Also interesting to note is that these people live on less resources, they aren't sucking up all the gas, or living extravagantly on your dimes, and if they need some food once in a while, I'm more than happy to provide. And if your not thats cool, but don't get in my way, and I wont get in yours. Fair enough right?
On public parks being legal.
Good. It should be.
You can win against money it just takes organization. Its been done before and it will be done again. Money can only hold its edge so long as there are enough people invested in the system. Thats true at this point, but the more successful profiteers are the more consolidated money becomes and the more poor there will be. Eventually when those who feel shafted by the system experience enough shared hard ship they will band together and take out their rulers. Because their interests are stronger than profit interests.
As far as feeding the poor being a waste of time:
I agree, we shouldn't have to feed them, we should teach them to fish right? I'm sure they would love to fish, or have a great job like you've got, and seek the profit that would give them the food they need, but its hard to get hired when you stink like shit and have a bit of craziness in you. Unless we want to allow them to fish anywhere they want, I'm cool with that too, but I'll still hook them up with some butter and salt.
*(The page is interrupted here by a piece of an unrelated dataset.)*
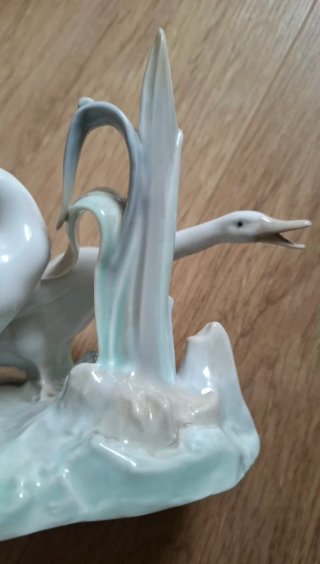 Figura Cisnes porcelana Lladro España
Also, something is achieved. You don't look at the human aspect of this, is your real name lor by any chance? When people perform acts of kindness, that spreads, I've seen it happen with my own to eyes in the real world.
I'm assuming along with your cold logical outlook on the world you may have gained an understanding of networks. Networks are a great analogy for human interactions. For them to work properly they need power, the appropriate hardware/software and settings. The case with bums is that they have the hardware(possibly damaged), they have the software(possibly corrupted), and are lacking the settings to function properly within the network. Now we could just throw them out, but these are people, and when you become broken I'm sure there will be someone there to fix you. We should do the same for them.
Intelligence has nothing to do with compassion toward the homeless. Its understanding that intelligence is capable of providing that allows a greater ability for compassion. Its about seeing yourself in others. Its about actually feeling your place in the world around you, not looking for what you can get from the world around you. There are those that have helped you in the past, these guys need help now.
Fuck Greed. Its far more stressful than altruism, and when you get something cool you don't have to look at a list of 7 people you consider friends to be happy for you and celebrate, they're everywhere.
MadamI'madaM
26 Mar 2009, 11:27 PM
As is your bleeding heart.
What if a city decided that it spent too much money retrieving kites from trees and banned kite flying in public parks?
This is about property rights and the basic citizenship of the homeless, not social welfare.
Social welfare is only a problem when figuring out who's paying. That's long been settled here.
Even if it's about tax money/who "deserves" to use the park, the issue of feeding and actual liquid being spent is basically over.
30footsmurf
26 Mar 2009, 11:27 PM
I didn't notice the J. It makes so much more sense now.
MadamI'madaM
26 Mar 2009, 11:33 PM
You know what makes me chuckle?
How most of the people who try to act all callous about the homeless are usually uncomfortable in their presence.
You could just call it blind fear, but I actually think that those people are often in denial about how much homelessness/helplessness actually bums them out deep down.
EDIT: The worst thing about this is that some loser actually dropped a dime. I'd bet lots of the cops felt lame about it.
30footsmurf
26 Mar 2009, 11:40 PM
You know what makes me chuckle?
How most of the people who try to act all callous about the homeless are usually uncomfortable in their presence.
You could just call it blind fear, but I actually think that those people are often in denial about how much homelessness/helplessness actually bums them out deep down.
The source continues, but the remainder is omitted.